:: Raw data ::

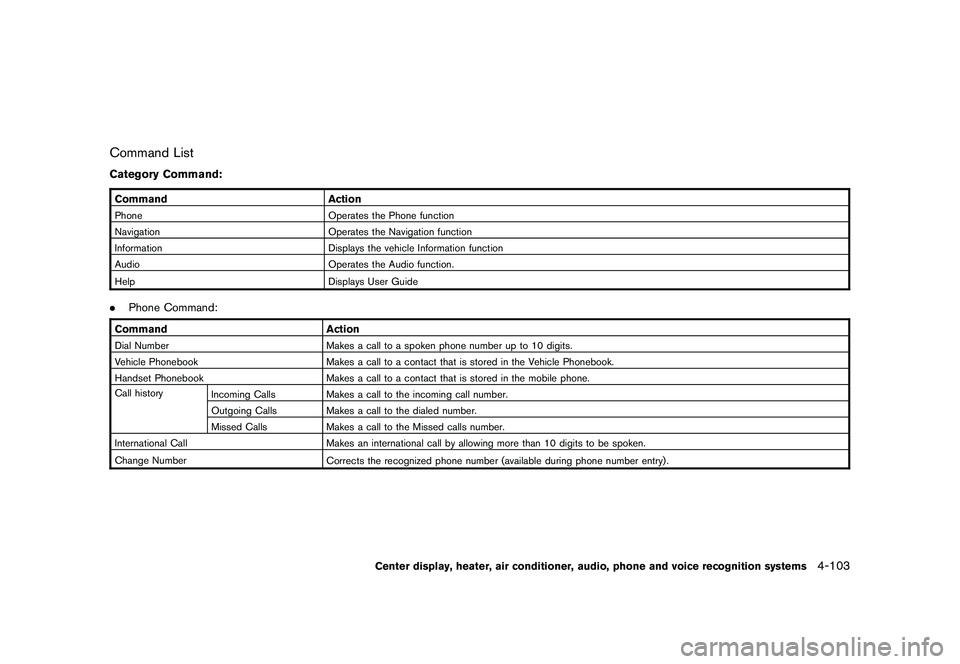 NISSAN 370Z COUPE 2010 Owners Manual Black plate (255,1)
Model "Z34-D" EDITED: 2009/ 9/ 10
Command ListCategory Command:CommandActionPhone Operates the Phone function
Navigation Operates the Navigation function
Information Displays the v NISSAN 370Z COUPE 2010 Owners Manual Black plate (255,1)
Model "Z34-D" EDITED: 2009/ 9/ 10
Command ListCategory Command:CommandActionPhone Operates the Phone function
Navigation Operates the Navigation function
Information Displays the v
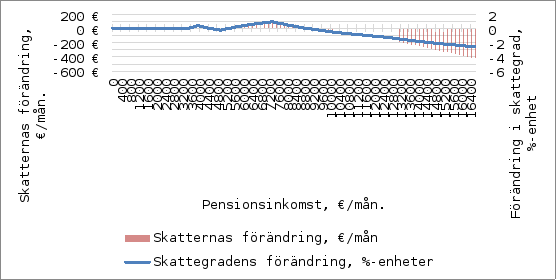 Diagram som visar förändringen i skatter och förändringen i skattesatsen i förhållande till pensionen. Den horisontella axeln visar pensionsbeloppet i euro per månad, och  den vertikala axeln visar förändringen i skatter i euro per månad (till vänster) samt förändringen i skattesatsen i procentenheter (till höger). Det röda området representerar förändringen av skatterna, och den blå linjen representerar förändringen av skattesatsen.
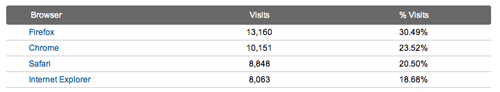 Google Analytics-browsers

:::
:: Raw data ::

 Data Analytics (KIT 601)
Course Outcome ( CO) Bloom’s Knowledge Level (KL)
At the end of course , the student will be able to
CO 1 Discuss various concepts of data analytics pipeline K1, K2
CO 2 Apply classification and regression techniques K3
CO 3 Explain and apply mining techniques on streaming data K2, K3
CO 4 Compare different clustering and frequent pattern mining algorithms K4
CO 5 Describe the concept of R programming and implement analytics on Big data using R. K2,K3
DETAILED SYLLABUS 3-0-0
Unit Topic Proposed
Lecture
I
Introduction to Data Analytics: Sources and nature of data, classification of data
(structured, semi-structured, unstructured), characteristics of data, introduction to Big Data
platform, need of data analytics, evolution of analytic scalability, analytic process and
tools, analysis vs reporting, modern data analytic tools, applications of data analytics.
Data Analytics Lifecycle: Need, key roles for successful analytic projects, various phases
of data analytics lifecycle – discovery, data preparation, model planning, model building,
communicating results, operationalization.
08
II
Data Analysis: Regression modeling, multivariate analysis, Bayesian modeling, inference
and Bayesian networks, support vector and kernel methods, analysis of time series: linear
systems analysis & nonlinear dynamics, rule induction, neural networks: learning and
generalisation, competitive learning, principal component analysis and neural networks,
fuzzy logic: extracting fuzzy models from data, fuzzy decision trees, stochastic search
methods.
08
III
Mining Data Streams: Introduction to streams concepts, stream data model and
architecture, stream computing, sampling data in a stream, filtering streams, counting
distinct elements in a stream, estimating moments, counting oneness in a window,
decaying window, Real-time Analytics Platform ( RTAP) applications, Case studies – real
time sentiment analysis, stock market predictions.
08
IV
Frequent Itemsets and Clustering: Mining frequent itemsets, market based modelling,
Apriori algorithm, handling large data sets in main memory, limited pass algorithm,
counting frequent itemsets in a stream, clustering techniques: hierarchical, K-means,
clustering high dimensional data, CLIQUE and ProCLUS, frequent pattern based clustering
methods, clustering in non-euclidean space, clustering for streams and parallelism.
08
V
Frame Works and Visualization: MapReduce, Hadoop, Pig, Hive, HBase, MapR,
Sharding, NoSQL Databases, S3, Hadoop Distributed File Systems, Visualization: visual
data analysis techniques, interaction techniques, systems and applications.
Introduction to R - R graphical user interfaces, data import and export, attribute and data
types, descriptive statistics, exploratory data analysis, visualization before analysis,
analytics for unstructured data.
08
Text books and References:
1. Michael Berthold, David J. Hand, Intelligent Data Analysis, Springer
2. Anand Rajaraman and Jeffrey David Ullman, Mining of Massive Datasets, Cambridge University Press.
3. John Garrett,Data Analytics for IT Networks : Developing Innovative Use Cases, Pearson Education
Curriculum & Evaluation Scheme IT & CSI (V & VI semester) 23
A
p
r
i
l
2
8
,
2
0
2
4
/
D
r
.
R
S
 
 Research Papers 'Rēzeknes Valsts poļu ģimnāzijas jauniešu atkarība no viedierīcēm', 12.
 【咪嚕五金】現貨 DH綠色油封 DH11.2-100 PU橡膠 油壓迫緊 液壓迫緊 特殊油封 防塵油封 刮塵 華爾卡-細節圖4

:::

→ Task goal
Looking through the entries, count the lines that hold the word "time" and state that count alone.

→ Completed task
3